Monday, January 11, 2010

It was the music that drew me in...

The tempo was slow but intense, and the melody worked its way into my soul. The sheer magic of a bandoneon and a violin evoking such lyrical interplay between man and woman made me want to learn the argentine tango.

There I was, the latebloomer of a dance student, learning ballroom. A sure sign of advanced maturity among my peers, and an even surer sign to my daughter that her unpredictable mother was nearer to that mid-life marker.

At first glance, I thought it was a funny dance, with intertwined legs and curious movements. Why the ballroom aficionados and die-hards were engaged in the seemingly acrobatic steps and loving them was beyond my understanding.
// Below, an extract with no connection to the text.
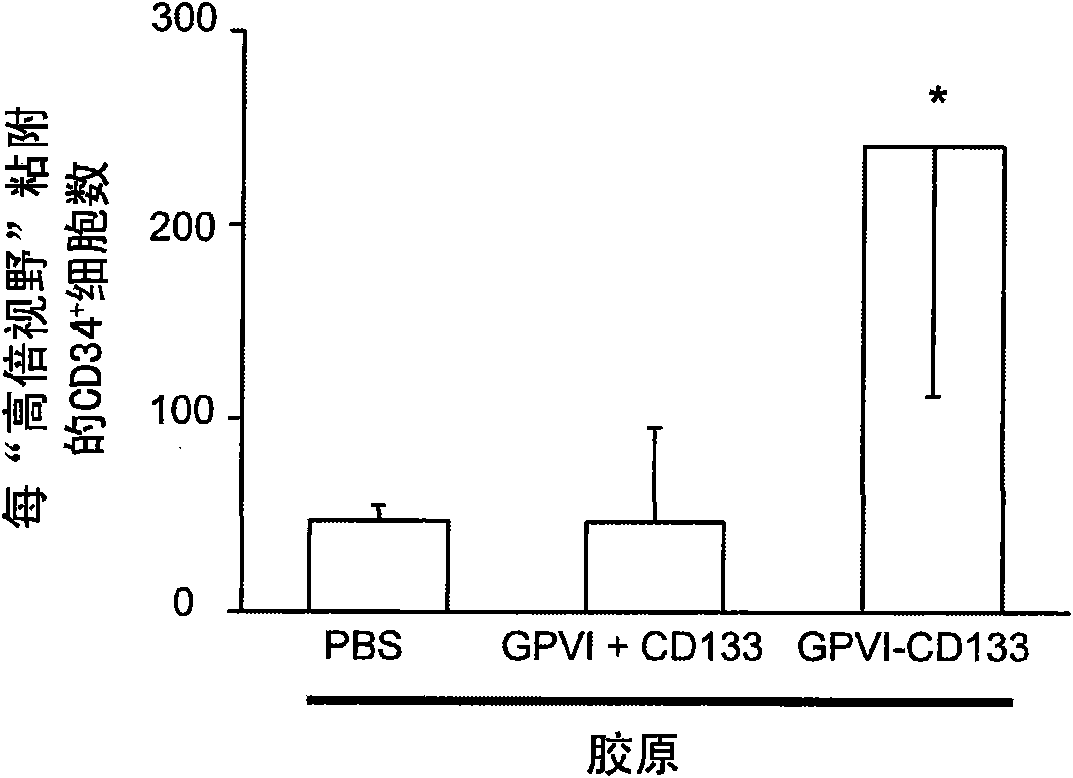 Bispecific fusion protein having therapeutic and diagnostic potential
I remember the first time I saw this dance. The loud upbeat music of the jive gave way to a poignant note followed by another and another, and the dancefloor suddenly filled up. One by one, couple by couple, the dance came to life.

Come closer, step forward, step side, lift your leg, twist to the side and then to the other side, then a kick or something like that. And again... move in close, step forward then back, step side, twist and kick... and again...

I asked what kind of dance that was... such haunting music but the steps were so alien and funny to me. Argentine tango was the reply. My consciousness honed in on the word "tango" and concluded that it was the good old tango that I could only watch from the sidelines, requiring training and practice and lessons and practice.

And again and again, every time I was in ballroom sessions, I would sit out the argentine tango, because I refused to learn. Too intimidated by what the name implied, and too shy to even try.

But the music kept haunting me... why not give it a whirl?

So one afternoon, three months into my ballroom lessons, in the confines of my favorite ballroom joint, I finally gave it a try. Basic steps: left hand on partner's right shoulder, right hand in partner's left hand, left foot forward and right foot collect and right food step side and left foot collect and left foot step backward and right foot collect... and move to the music, follow your partner's lead.

And again, and again, and again... follow the music, move with your partner.

The music kept me going through the basics. From watching on the sidelines and silently laughing at the dance, I had taken the first step into the world of tango, and little did I know there was no turning back.

Argentine tango asks of the dancer but one thing: the passion to make the music come alive in dance. It is not about how hard it is to learn, but rather how much you let the dance and the music teach you about how much you have inside of you.

Tango on my mind, and in my heart.

P.S. The song that haunts me to this day is Astor Piazzola's Oblivion.